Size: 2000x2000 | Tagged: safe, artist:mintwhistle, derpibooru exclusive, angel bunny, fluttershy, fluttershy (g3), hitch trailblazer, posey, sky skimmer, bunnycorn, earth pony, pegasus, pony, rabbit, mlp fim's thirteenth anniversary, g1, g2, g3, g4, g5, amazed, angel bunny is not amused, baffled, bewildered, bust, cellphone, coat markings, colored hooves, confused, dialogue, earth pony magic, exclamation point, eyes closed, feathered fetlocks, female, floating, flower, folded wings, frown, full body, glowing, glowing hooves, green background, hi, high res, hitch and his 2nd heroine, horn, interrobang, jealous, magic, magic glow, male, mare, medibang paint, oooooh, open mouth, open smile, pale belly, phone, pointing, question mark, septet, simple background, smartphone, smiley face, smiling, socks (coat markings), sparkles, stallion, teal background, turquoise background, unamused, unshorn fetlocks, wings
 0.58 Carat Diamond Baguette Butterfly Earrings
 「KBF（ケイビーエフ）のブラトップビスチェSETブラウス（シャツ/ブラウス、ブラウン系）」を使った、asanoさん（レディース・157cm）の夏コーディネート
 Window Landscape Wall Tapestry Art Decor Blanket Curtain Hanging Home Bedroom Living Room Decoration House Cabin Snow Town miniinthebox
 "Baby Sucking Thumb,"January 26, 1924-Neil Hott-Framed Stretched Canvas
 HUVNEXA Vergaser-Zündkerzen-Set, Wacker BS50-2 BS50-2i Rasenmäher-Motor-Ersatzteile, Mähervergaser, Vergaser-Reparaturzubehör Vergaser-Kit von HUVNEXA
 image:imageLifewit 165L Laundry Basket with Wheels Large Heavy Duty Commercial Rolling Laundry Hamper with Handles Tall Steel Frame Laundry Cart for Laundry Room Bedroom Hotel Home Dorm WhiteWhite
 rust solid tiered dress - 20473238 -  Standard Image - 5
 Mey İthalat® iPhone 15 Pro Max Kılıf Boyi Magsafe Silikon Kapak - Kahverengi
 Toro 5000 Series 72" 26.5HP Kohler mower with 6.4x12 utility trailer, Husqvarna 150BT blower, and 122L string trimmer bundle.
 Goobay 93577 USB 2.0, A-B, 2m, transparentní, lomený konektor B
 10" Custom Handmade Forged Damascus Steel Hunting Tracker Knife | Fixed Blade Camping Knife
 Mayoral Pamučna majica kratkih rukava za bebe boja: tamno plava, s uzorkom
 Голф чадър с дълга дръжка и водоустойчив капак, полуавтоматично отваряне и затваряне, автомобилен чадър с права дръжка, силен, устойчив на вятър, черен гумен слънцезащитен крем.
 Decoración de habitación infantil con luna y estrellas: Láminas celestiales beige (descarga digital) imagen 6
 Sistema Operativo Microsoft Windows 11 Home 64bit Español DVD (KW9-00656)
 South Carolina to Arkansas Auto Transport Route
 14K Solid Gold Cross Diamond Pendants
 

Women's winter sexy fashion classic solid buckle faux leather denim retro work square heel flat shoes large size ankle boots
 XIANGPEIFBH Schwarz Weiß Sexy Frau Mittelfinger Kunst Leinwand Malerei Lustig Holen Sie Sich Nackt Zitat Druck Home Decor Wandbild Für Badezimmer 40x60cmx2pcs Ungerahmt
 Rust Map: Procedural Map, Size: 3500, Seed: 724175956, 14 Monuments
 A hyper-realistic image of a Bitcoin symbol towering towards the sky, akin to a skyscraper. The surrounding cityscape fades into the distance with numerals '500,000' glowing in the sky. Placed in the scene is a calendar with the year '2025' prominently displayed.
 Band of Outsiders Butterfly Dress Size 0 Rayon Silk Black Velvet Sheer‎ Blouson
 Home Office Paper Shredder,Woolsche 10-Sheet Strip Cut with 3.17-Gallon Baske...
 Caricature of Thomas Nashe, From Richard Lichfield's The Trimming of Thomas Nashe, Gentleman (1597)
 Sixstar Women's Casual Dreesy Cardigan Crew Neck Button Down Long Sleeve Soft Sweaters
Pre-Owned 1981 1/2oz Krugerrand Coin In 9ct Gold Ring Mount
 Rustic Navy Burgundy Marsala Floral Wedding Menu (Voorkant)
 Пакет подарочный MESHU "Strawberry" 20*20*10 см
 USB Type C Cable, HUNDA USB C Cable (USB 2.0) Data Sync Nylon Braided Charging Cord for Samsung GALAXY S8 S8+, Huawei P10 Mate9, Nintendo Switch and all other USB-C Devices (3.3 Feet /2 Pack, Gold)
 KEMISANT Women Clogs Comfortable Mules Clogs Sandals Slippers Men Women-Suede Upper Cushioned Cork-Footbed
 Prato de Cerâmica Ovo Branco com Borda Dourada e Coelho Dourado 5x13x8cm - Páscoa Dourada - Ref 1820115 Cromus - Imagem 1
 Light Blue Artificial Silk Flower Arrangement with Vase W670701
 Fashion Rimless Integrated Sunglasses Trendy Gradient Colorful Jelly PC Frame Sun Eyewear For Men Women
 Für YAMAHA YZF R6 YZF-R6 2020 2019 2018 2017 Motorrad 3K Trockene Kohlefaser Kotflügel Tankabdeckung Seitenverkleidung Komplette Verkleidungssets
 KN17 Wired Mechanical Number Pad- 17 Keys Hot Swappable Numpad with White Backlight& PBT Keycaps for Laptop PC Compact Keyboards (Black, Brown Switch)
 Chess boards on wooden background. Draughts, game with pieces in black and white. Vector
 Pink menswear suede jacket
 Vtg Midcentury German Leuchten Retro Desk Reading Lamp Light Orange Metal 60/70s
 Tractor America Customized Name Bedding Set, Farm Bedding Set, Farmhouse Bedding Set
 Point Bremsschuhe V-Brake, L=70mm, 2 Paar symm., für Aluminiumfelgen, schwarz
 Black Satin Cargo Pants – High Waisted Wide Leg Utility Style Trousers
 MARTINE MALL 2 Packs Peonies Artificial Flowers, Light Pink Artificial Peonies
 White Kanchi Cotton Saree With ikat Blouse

———

Exercise details –
Retype only this portion of the data above: the line containing "Band of Outsiders", the line containing "Пакет подарочный MESHU", and all lines between them, exactly.

Solution to the exercise –
 Band of Outsiders Butterfly Dress Size 0 Rayon Silk Black Velvet Sheer‎ Blouson
 Home Office Paper Shredder,Woolsche 10-Sheet Strip Cut with 3.17-Gallon Baske...
 Caricature of Thomas Nashe, From Richard Lichfield's The Trimming of Thomas Nashe, Gentleman (1597)
 Sixstar Women's Casual Dreesy Cardigan Crew Neck Button Down Long Sleeve Soft Sweaters
Pre-Owned 1981 1/2oz Krugerrand Coin In 9ct Gold Ring Mount
 Rustic Navy Burgundy Marsala Floral Wedding Menu (Voorkant)
 Пакет подарочный MESHU "Strawberry" 20*20*10 см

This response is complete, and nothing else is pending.